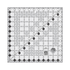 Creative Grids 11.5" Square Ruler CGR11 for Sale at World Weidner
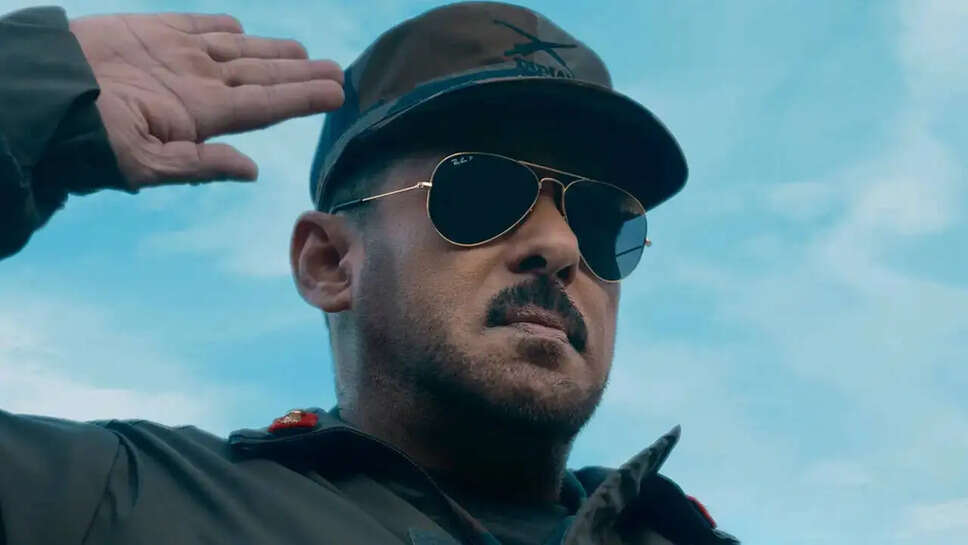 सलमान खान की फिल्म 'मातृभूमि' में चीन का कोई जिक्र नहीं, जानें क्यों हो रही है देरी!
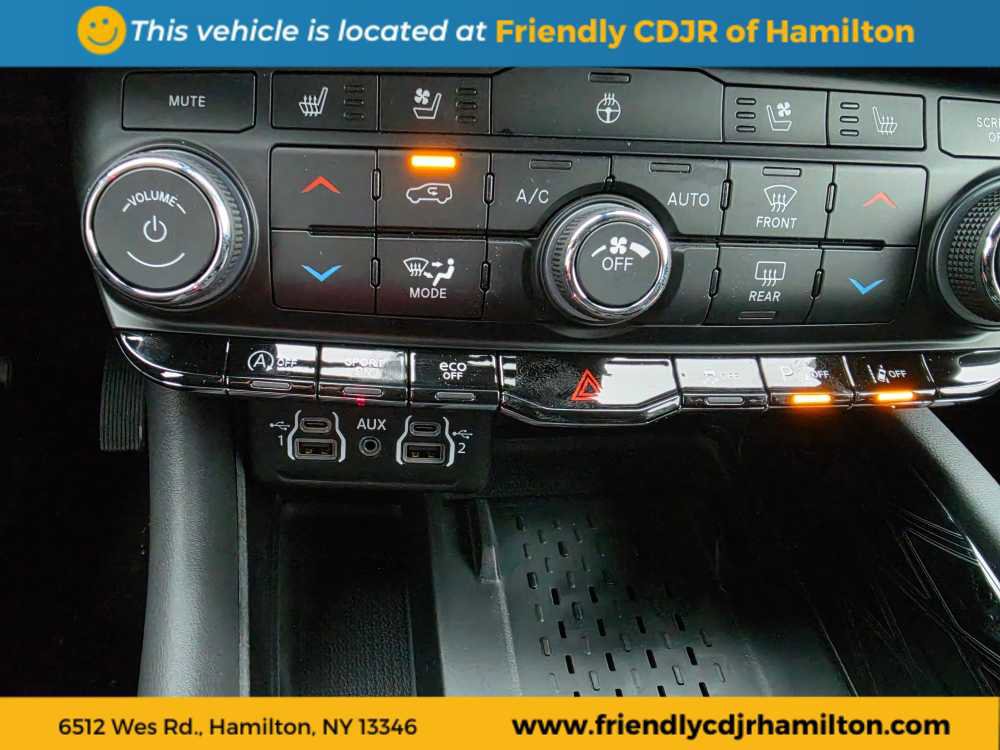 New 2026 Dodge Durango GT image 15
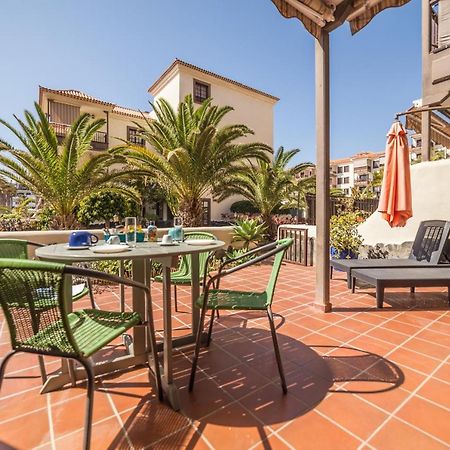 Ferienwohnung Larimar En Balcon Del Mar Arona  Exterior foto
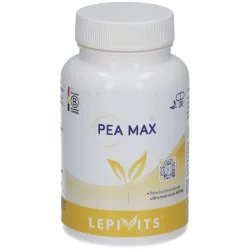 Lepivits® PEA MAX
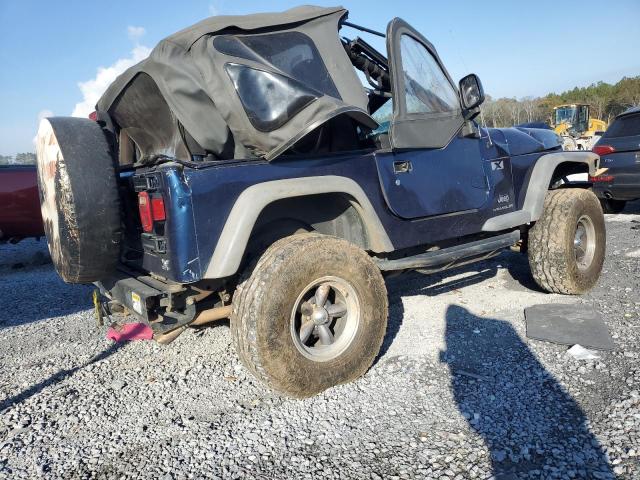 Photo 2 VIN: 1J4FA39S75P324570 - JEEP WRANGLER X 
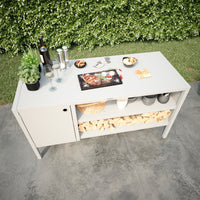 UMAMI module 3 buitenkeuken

----

**Task to complete**
Your task is to retype exactly, and only, the lines from the one that holds "New 2026 Dodge Durango GT image 15" through the end of the listing, both end lines included, without any pictures.

**Exercise answer**
 New 2026 Dodge Durango GT image 15
 Ferienwohnung Larimar En Balcon Del Mar Arona  Exterior foto
 Lepivits® PEA MAX
 Photo 2 VIN: 1J4FA39S75P324570 - JEEP WRANGLER X 
 UMAMI module 3 buitenkeuken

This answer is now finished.